2) A very clear list of use cases/examples. I didn't actually get what it was until I saw the expense report example at the bottom of the page. These examples need to be called out very quickly.
3) A stupidly simple demo before requiring any input. I'd have the call to action say "Try a simple demo" and definitely don't require registration before seeing it. Trying to get me to start a 30-day free trial right away makes me leave the page before I even try a demo.
"Build your database with online spreadsheet"
I've already updated this to the website.
Ps. Love the idea for the project, I have been looking out for something like this for a while.
Looks like we need more clear explanation even before the registration. We tried to focus on the benefits of Ragic to encourage registration, but it looks like it's not clear enough "why" our product can bring this benefit.

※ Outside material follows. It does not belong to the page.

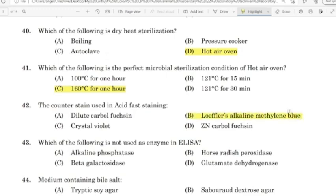43rd question: Which of the following is not used as an enzyme in ELISA? Correct answer: Option D — Glutamate dehydrogenase.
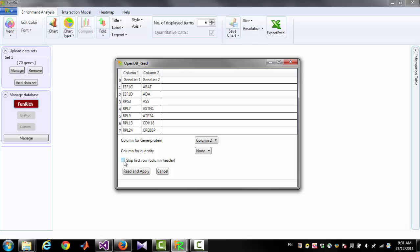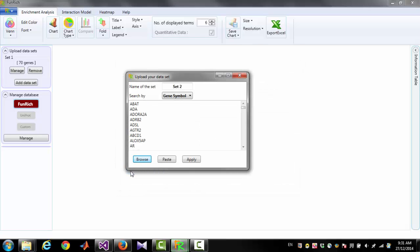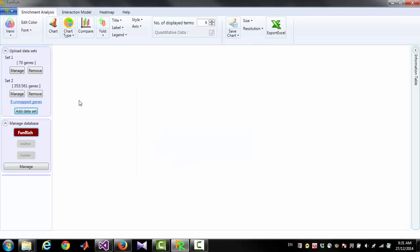Then you have to select the checkbox 'Skip the first row' when your column has a header. Then click Read and Apply. This will take all the genes from column 2. Then you click Apply and you will get a new data set.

I get it from your perspective, you want to get their info so you can follow up, etc. It's just risky since a lot of people won't get to the "Aha" moment and will just end up leaving.
The original page is here: http://www.ragic.com/intl/en/registerSandbox
For people who would like to use the sandbox instead.
See how they have done it on https://hollyapp.com/
It took me a while to find that link again, but I thought it was worth it as an example.
Good luck.
edit: I just watched the video. I was expecting to see your product instead of a story board on CRM (Oh? what is CRM? But it is even better than Excel...)
Would be interested to hear how the product has evolved since then. Have they incorporated any of the feedback they received the first time around?
The biggest problem was that it's not really easy for people to get started on how to build applications with Ragic. People don't like to read documents, so we added an "Interactive Tutorial".
The interactive tutorial takes new users step by step to build a simple application on Ragic, pretty much like how you do it on a flash game or online game. If you click through the tutorial, you will have built a simple Ragic application. We really hope that this can help our users get the hang of it.
Look at how Twilio markets their paas to non devs.
Great product, but weak marketing. It is targeted for non-technical small businesses, but homepage and everything looks complicated, and makes less sense for these people. There should be a one sentence which clearly explains what the product is meant to do. Customers are more interested in the end result, show them some examples of what they can do with this product. Unfortunately , this looks like a product for developers by developers.
Is Javascript really the language to use when you're seemingly trying to talk to non-developers - either small business owners or business analysts at larger companies?
I can see lots of uses for Ragic, but I don't know any business analyst types who'll just knock out some Javascript code to do a function, when they're fairly happy to use Visual Basic for Applications.
Finally, your samples all seem relatively small, which is understandable, but you don't mention how large a data set you can cope with - a lot of Excel based apps now seem to have 100,000s of rows of data (which is why they end up so slow).
Not trying to take away anything from the app. It might be wonderful, I didn't try it because of the unnecessary registration.
seems like you will swim in money in a few months if you reach the right target market...
There are some grammar mistakes and you can hear mouse clicking when he switches slides.
The information is there, but I think it needs a bit more polish in terms of phrasing ("Special need is nothing special.") and a proper speaker.